I just tried if I could reproduce the bad scoring results of MySQL that made
me AND the search words, and I couldn't. I'm running now a slightly newer
and different version (3.23.41 on Linux) than when I did those tests
originally (3.23.?? on Windows), but perhaps I also did not do enough
testing and accidentally used some stopwords or words that didn't make the
50% limit.
Anyway, I don't have SQL access so if somebody could do some testing on the
currently running MySQL server to see how well it ranks for phrases like
'axel boldt'. In my memory, pages with a lot of 'axel' on it were higher
ranked than pages that contained both 'axel' and 'boldt' only once. The
only
thing that happens now is that pages with only 'axel' on it also turn up in
the result.
As far as the need for boolean searches is concerned, I implemented it
because Larry Sanger asked for it and it seemed important at the time that he
had good searching capabilities. I doubt if it is used very much at the
moment.
I'm also planning to build a special
"advanced search" page where
it might be an option to do it either way.

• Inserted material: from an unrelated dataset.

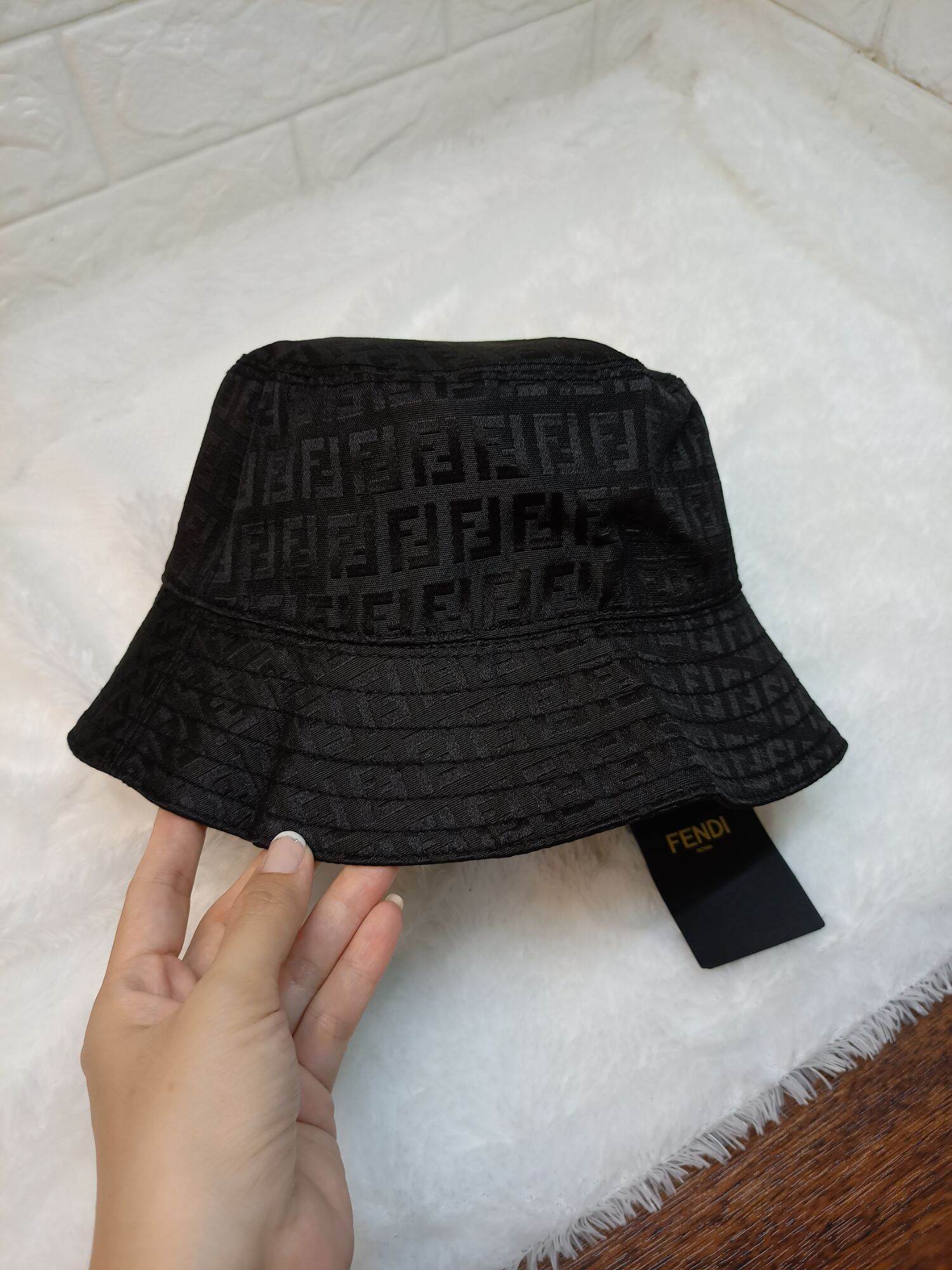 Topi Fendi (hitam motif) bucket hat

Once we start using MySQL4 that could be as simple as a text box that allows
people to do the MySQL binary fulltext search along with some explanation of
how to do the boolean searches, the exact phrase search and the search where
the search words have different relevancies.
So that leaves only the stopword-list problem. Do we really want a separate
MySQL server for evey different language that is compiled with its own
stopword list?
-- Jan Hidders